Além disso, Ha-Joon Chang salienta que é relativamente consensual na teoria económica que há circunstâncias em que as empresas públicas são melhores ou mais adequadas que as empresas privadas:
1) Quando os investidores do sector privado (que procuram sobretudo lucros seguros e de curto prazo) se recusam a financiar um empreendimento viável no longo prazo por considerarem que é demasiado arriscado ou avultado;
2) Quando existe um “monopólio natural”, uma situação em que as condições tecnológicas ditam que a existência de um único fornecedor é a forma mais eficiente de servir o mercado (ex. electricidade, água, gás, vias férreas);
3) Quando há necessidade de promover a igualdade entre cidadãos e a coesão social e territorial. Uma empresa interessada apenas nos lucros pode aumentar de forma incomportável os preços para áreas remotas e regiões desfavorecidas ou acabar mesmo com o serviço, perdendo os cidadãos acesso a serviços essenciais, como a água, correio (acompanhem os resultados da privatização dos CTT em Portugal) ou os transportes.
A boa ou má gestão, o bom ou mau desempenho pode existir tanto no público como no privado. Os mecanismos de correcção dos maus exemplos existem ou podem existir tanto no privado como no público. Os critérios de avaliação dos diferentes modelos devem ser abrangentes e não redutores. E quando introduzimos critérios sociais, ambientais e económicos mais abrangentes para além dos financeiros, quando pensamos a longo prazo e não só a curto prazo, compreendemos a importância do sector público na economia, sobretudo num país não dominante, periférico, como Portugal.
Como salienta Ha-Joon Chang, os países ricos tornaram-se dominantes com forte intervenção e regulação estatal antes de dizerem aos outros “façam o que vos digo, não o que eu fiz”.

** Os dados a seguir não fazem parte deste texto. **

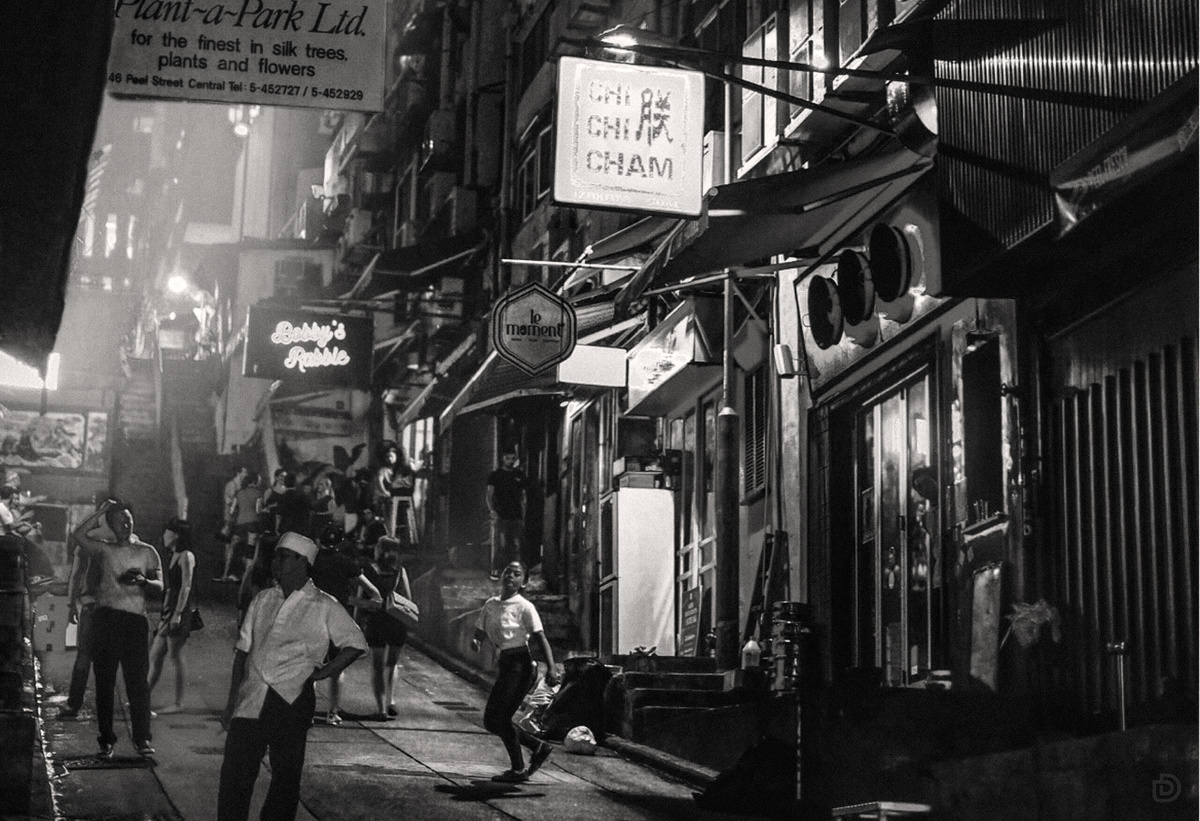 一张黑白照片 描绘了城市中人们沿着小巷行走的场景。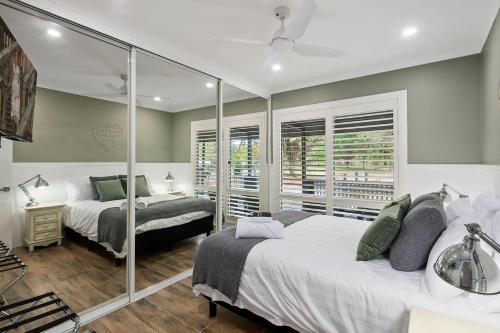 a bedroom with two beds and a mirror at The Cottage, Colo Vale, Southern Highlands in Colo Vale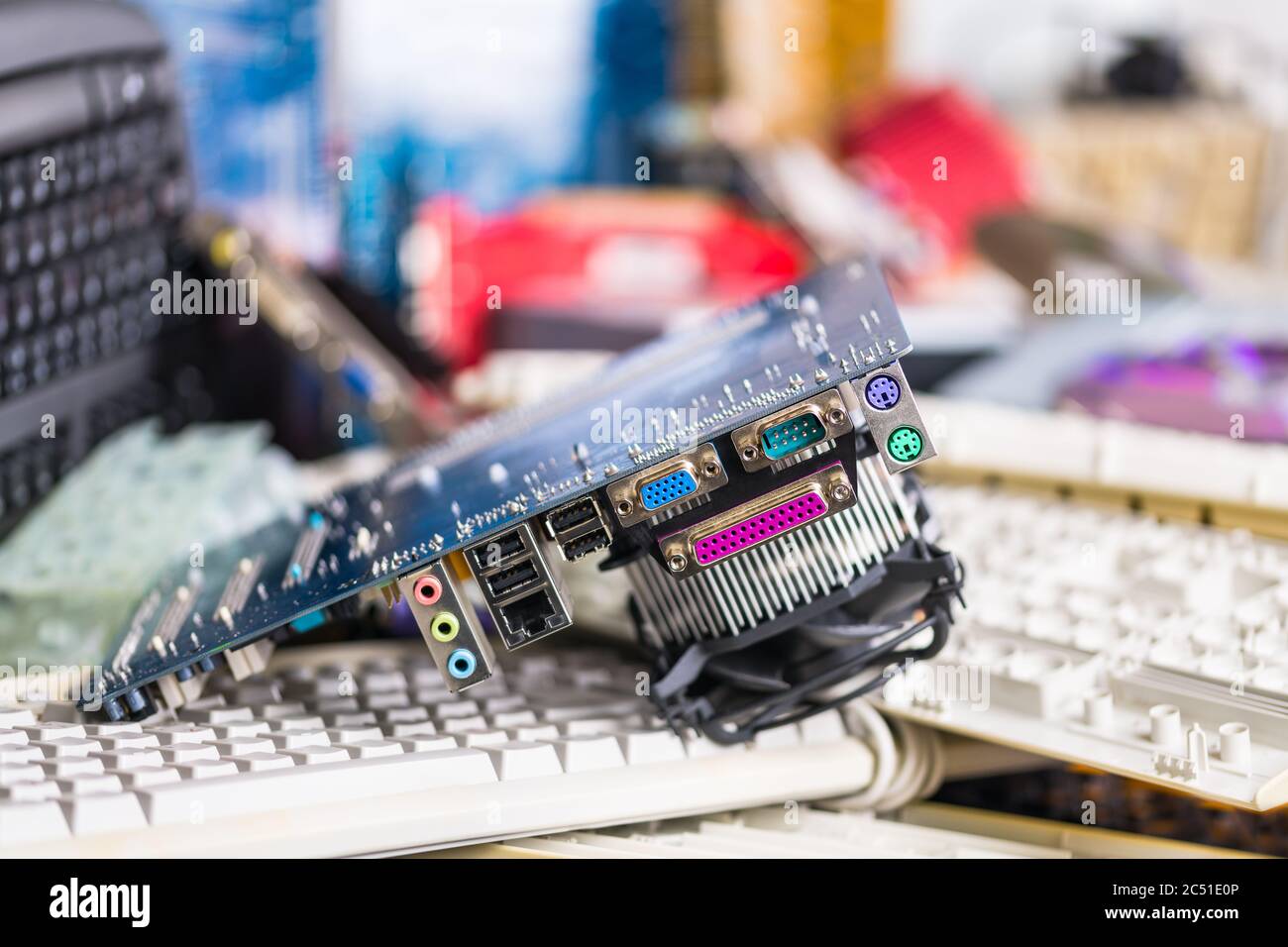 Scheda video di riserva su un mucchio di tastiere per computer. Parti hardware colorate. Scheda madre con scheda a circuito stampato, prese per connettori e refrigeratore. Rifiuti elettronici. Foto Stock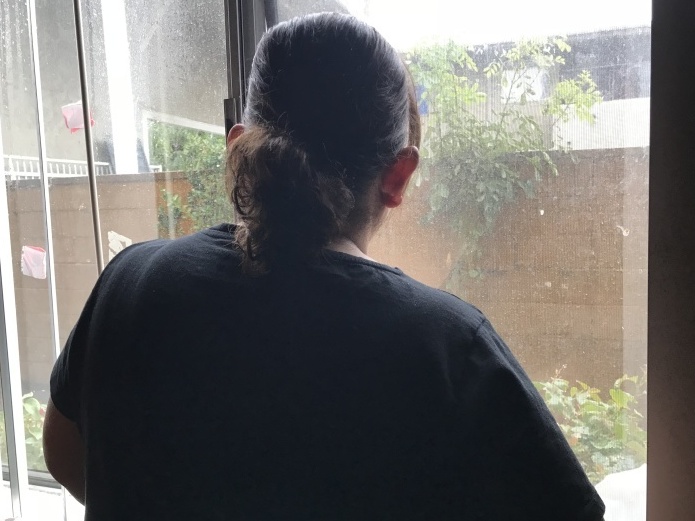 Lizeth, an immigrant from Honduras, looks out the window of her studio apartment in Los Angeles.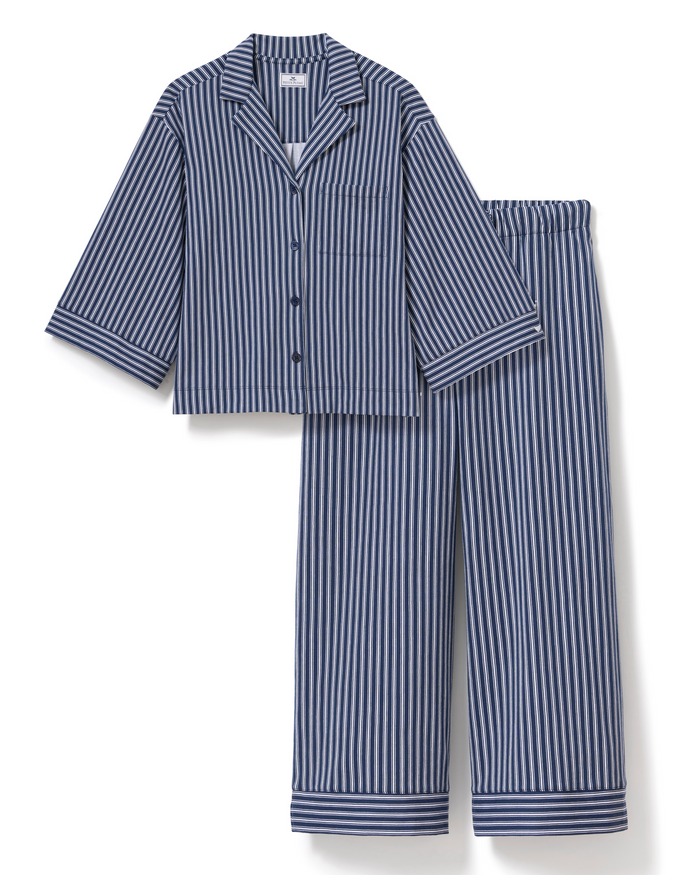 The Olivia Wide Leg Pima Pajama Set in Admiral Ticking features a blue and white vertical striped design, including a button-up long-sleeve shirt with a collar and chest pocket, plus matching elastic-waist wide-leg pants—both finished with stylish cuff details.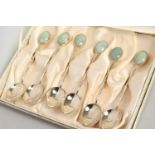 A SET OF SIX SILVER AND JADE TEASPOONS.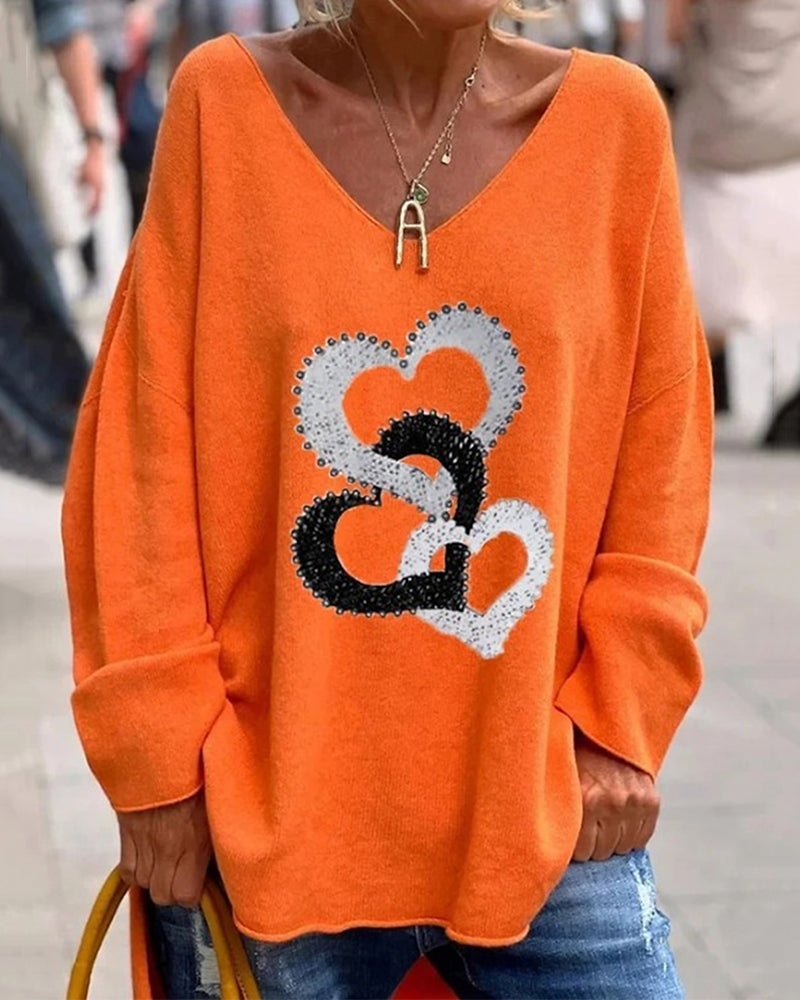 Mariona | Jersey de punto con corazones y escote en V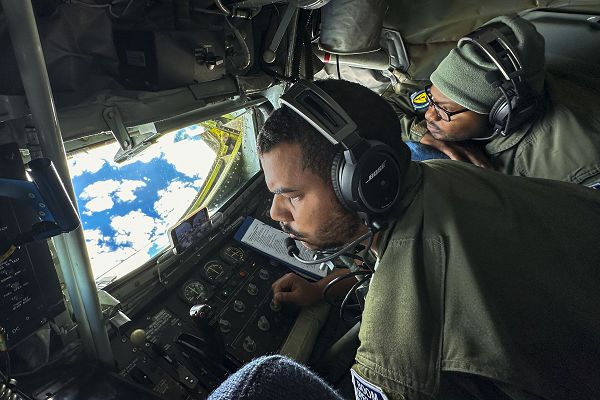 U.S. Air Force Airman 1st Class Anthony Toliver, 351st Air Refueling Squadron KC-135 Stratotanker aircraft boom operator, and Tech. Sgt. Fernando Brome, 351st Air Refueling Squadron KC-135 Stratotanker boom operator, prepare a KC-135 flying boom for aerial refueling operations over the European area of responsibility, Nov. 8, 2023. Brome was evaluating Toliver to ensure that he was able to perform in-flight refueling procedures correctly and safely. (U.S. Air Force photo by Airman 1st Class Christopher Campbell) 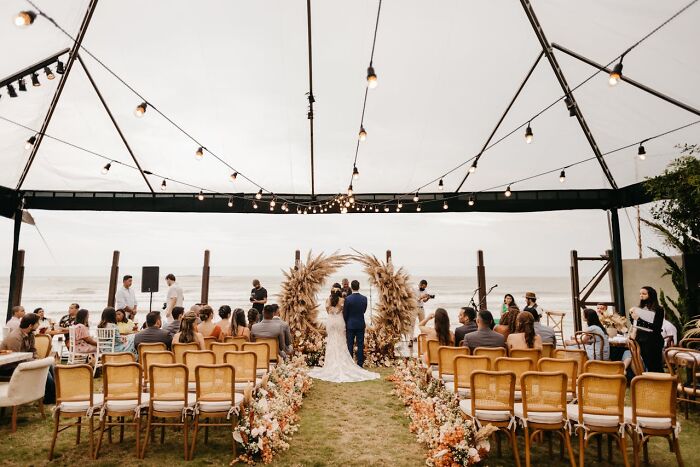 An outdoor wedding ceremony, a setting for potential wedding drama stories.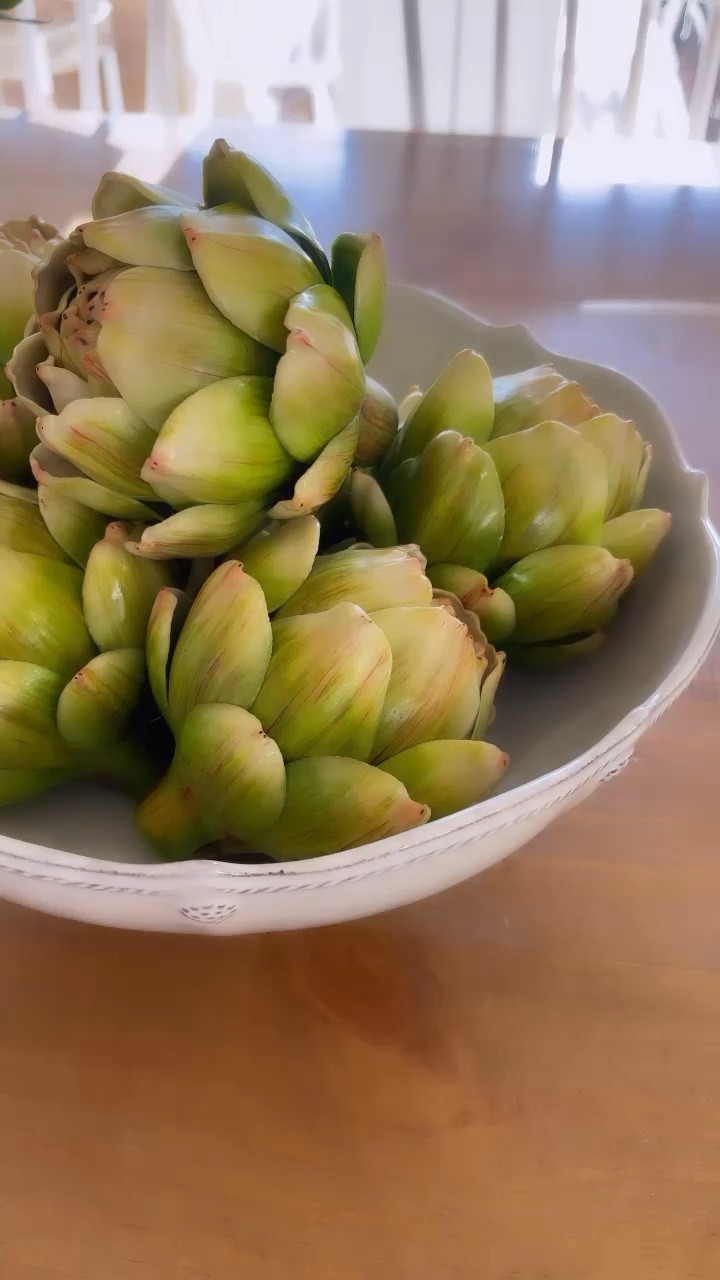 Kitchen table decor - fruit bowl with faux artichokes. 

#LTKhome #LTKSeasonal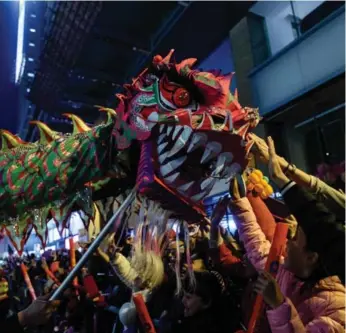  ?? ANTHONY WALLACE/AFP/GETTY IMAGES ?? A dragon dance parades through Hong Kong, one of many Chinese New Year events held around the world.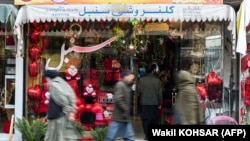 Afghan men walk past a gift shop along Flower Street in the Shar-e Naw area of Kabul on February 14.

Sem o controlo público de sectores estratégicos o país fica mais dependente de poderes externos, politicamente, democraticamente e economicamente mais fraco, incapaz de influenciar e orientar a economia. Devemos recordar o artigo 80.º alínea a) da Constituição da República Portuguesa que estabelece como princípio fundamental da organização económico-social a “subordinação do poder económico ao poder político democrático”.
A propriedade pública deve ser encarada como um meio para mais democracia e não como um fim em si mesmo. Nesse sentido é importante recordar também o Artigo 2.º: “A República Portuguesa é um Estado de direito democrático, baseado na soberania popular, no pluralismo de expressão e organização política democráticas, no respeito e na garantia de efetivação dos direitos e liberdades fundamentais e na separação e interdependência de poderes, visando a realização da democracia económica, social e cultural e o aprofundamento da democracia participativa.”
A democratização de uma economia complexa pode ser realizada por várias vias: desde cooperativas, a propriedade estatal de monopólios naturais, de sectores de investimento a longo prazo e de instituições financeiras, até propriedades administradas regional ou localmente.
Por isso, as reformas estruturais que necessitamos passam pela revalorização das funções sociais e económicas do Estado, pelo retorno à esfera pública de empresas estratégicas e pela implementação de mecanismos legais, de gestão e políticos que melhorem e democratizem o Estado e as empresas públicas. Em suma, cumprir a Constituição da República Portuguesa.
O autor escreve de acordo com a antiga ortografia.